Dwy 242 MC day if you think it will happen
Last night and this morning I have had the thought of my wife's double life on my mind and how to get people to see it. She changes her email, she makes many different social media accounts with new emails and names so I can't see what she is doing. She walks out of the house to talk to people on the phone so I can't hear what is being said. Her whole life is hidden from me and so there is nothing to talk about except everything that involves not knowing her or her other life. And this is really bugging me today.
So I am thinking maybe I should ask this question in the marriage group text so my wife can see it also or if we have marriage counseling today maybe asking the question there but I would bet a million dollars the counselor will cut me off and not let me finish or even ask the question which is why I think the group text would be better. Oooo I know if we have marriage counseling I will try to ask and if I am cut off I will stop send it to the group chat and walk out of counseling. Yep I think that is what I will do. So here is my question I wrote up
5/22/2025
DOUBLE LIFE QUESTION
Counselor, I am asking this question because, and for give me for assuming, but I assume your marriage is some what in a normal plain since it seems to be working pretty good. Does your wife run a double life and is this a normal thing in a marriage. Let me give a few examples. Does your wife change her email address every year or so to keep you from knowing her messages or seeing what she is sending or receiving and then tell you she only has 1 email address and you can look at it anytime? Does your wife have multiple social media accounts none of which she will share with you or even tell you about and deny having? Does your wife start a phone call then walk out of the house to the furthest point in the yard so she hangs up if you come out so as not to be heard and then tells you nothing about the call if you ask? Making all your conversation about anything except dealing with the other life. I am so puzzled on this part of marriage and the limits it puts on communication and do not know how much of this is normal or should I live in the box mark this life is were you live. Could you help explain this to me.

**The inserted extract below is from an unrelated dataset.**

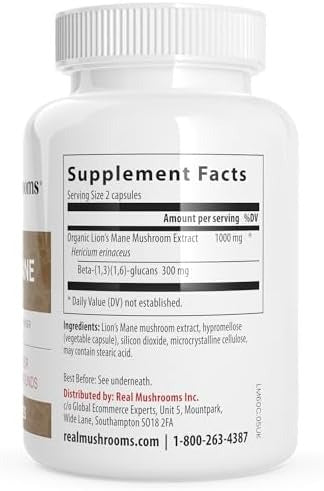 SuperMart Lions Mane Mushroom Cognition (120 Capsules) Lions Mane Mushroom Powder Extract Capsules | Brain Supplement, Brain Vitamins, Focus Supplement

It's 1:30pm and I am feeling antsy for a walk but know if I start asking walk they will decide to have marriage counseling and if I don't start the walk counseling will not happen. I hate this type of go around never knowing till the last minute but guess I will wait. I am not saying anything just letting it go by. It seems I am the only one to bring it up or care about it so let's just sit and watch. I also have my question ready and if around 5pm we don't have counseling then I will fire it off. My heart has fluttered a couple of times in anticipation of the fall out for such a question because I know the church is going to jump to her aid and defend her saying I am a liar and that my wife says it's not true so therefore it's not true because the believe every word from her mouth. Yet I could point out several times the counselor asked for our email addresses and she refused because I would see it. I am also concerned that this meeting 2 or 3 times a week is dead in the water and will not happen again because she probably is either dealing with a daughter she told we went for a walk together is yelling at her because she feels betrayed or she really has not told her daughter and does not want to get caught doing something together because everyone in her hate group will go off on her.
Had a very short nothing call with the wife and heard about her headache and pain in her arm. So I started to send my double life question and I felt very uneasy about it so I am praying for God the guide me on sending it or not because I am not sure if God was making me uneasy or satan so he wouldn't lose ground. And man this is really a God please guide me spot.